More than 100 million Americans are at an increased risk for heart disease due to high cholesterol. Although this issue affects people of all ages, older adults are particularly at risk.
September offers the opportunity to learn more about the dangers of high cholesterol with the observance of National Cholesterol Education Month.
Consider these 10 simple tips which can help you or your aging loved one take steps toward better cholesterol levels.
1. Know Your Numbers!
Because high cholesterol doesn’t typically have symptoms, many people are unaware if their levels are too high. Your physician can perform a simple blood test to determine your cholesterol levels. Cardiologists recommend that adults be screened at least every five years, although your doctor may recommend more frequent testing.
2. Set A Goal
Once you know your number, setting a target goal can help you stay on track. Your primary care doctor can help you determine a healthy level.
3. Limit Cholesterol
Experts recommend consuming less than 300 mg daily of this artery-clogging substance by limiting your intake of high-cholesterol foods, such as poultry, shellfish, beef, eggs, cheese, butter and dairy.
4. Trim the Fat
Avoid saturated fats and trans fats and instead seek out foods rich in monounsaturated fats, such as canola, olive and peanut oil. The goal? A daily fat intake within 25-35 percent of your total caloric intake.
5. Pass the Salt
While sodium doesn’t technically affect cholesterol levels, a high sodium diet puts you at heightened risk for heart disease. While skipping the salt won’t help lower your cholesterol levels, it leads to the same result: improved heart health. Experts recommend limiting your intake to less than 2,300 mg a day.
6. Fill Up On Fiber
A fiber-rich diet can positively impact cholesterol levels. Choose fresh fruits, vegetables, and whole grains whenever possible. Oatmeal, for example, has been shown to reduce cholesterol, and is a great way to start the day.
7. Go Fish
Fish oil is full of omega-3 fatty acids -- which are valuable weapons in the fight against high cholesterol. By eating fish several times a week, you can enjoy a delicious meal while improving your heart health. Other omega-3 containing foods include nuts, flaxseed, and soybeans.
8. Drink To That
Research indicates that moderate red wine consumption may lead to a decrease in HDL levels (AKA the “good” cholesterol). Doctors recommend no more than one drink a day for women and up to two for men. But it’s not just red wine: green tea also has cholesterol-friendly abilities. If you don’t have time for a cup, green tea extract supplements also do the trick.
9. Get Moving
Just 30 minutes of physical activity each day can deliver huge benefits when it comes to lowering your cholesterol. Be sure to check with your primary care doctor before beginning a new exercise program.
10. Don't Smoke
There are a million reasons to stop smoking, and here’s another one: smoking reduces “good” cholesterol levels and can put you at an increased risk for heart disease.

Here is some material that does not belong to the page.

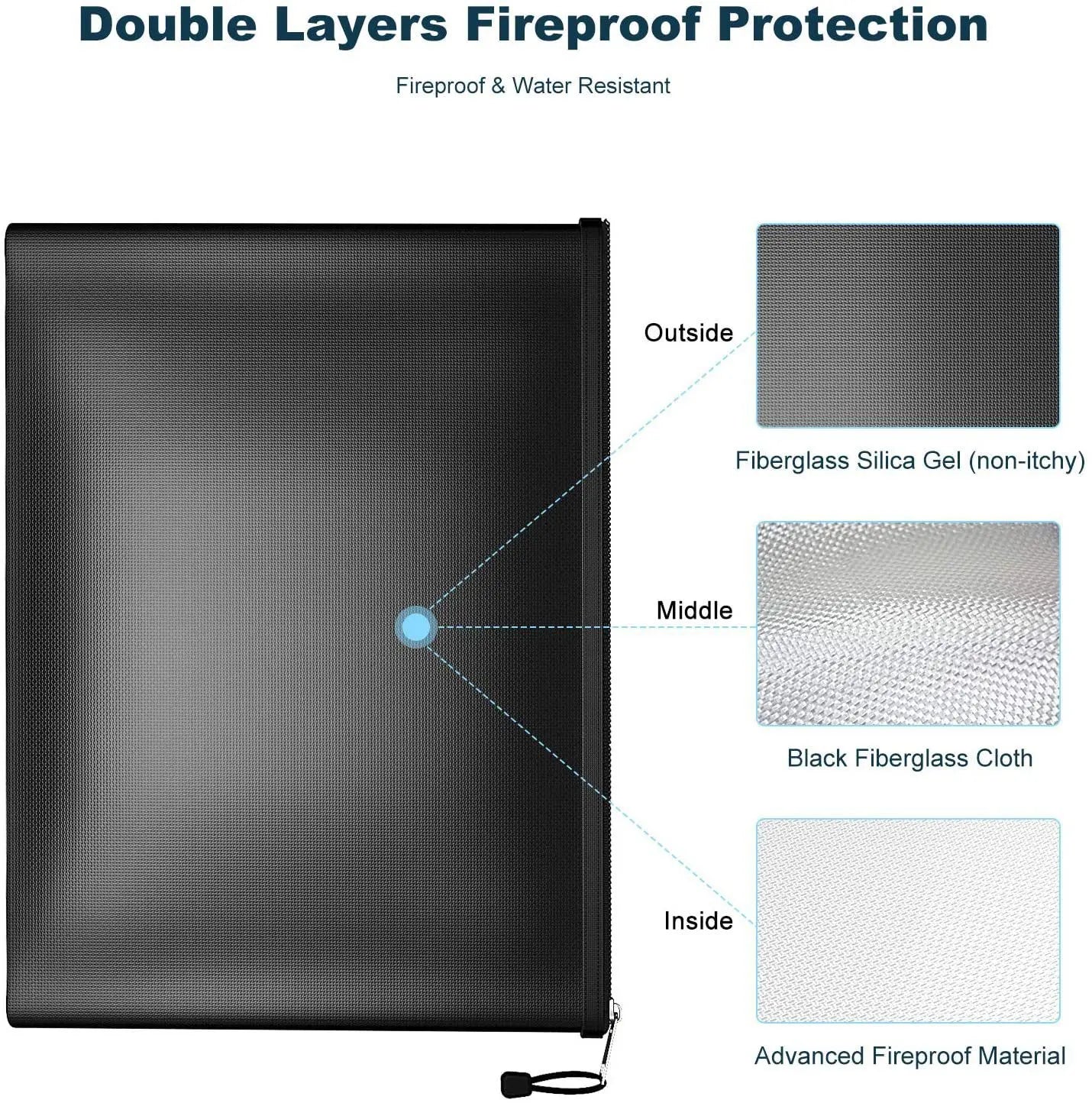 Fireproof and Waterproof Document Bag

While lifestyle changes can be a valuable part of reaching optimal heart health, cholesterol-lowering drugs offer increased benefits for many older Americans. A conversation with your doctor can help you determine whether a prescription is the right choice for your needs or the needs of your loved one.
Key Takeaways
- Get your cholesterol levels checked regularly.
- Eat a diet rich in fiber and omega-3 fatty acids.
- Limit your intake of cholesterol-rich foods.
- Drink red wine in moderation and choose green tea instead of soda or juice.
- Incorporate exercise into your daily routine.
- Stop smoking.
- Keep the lines of communication open with your physician.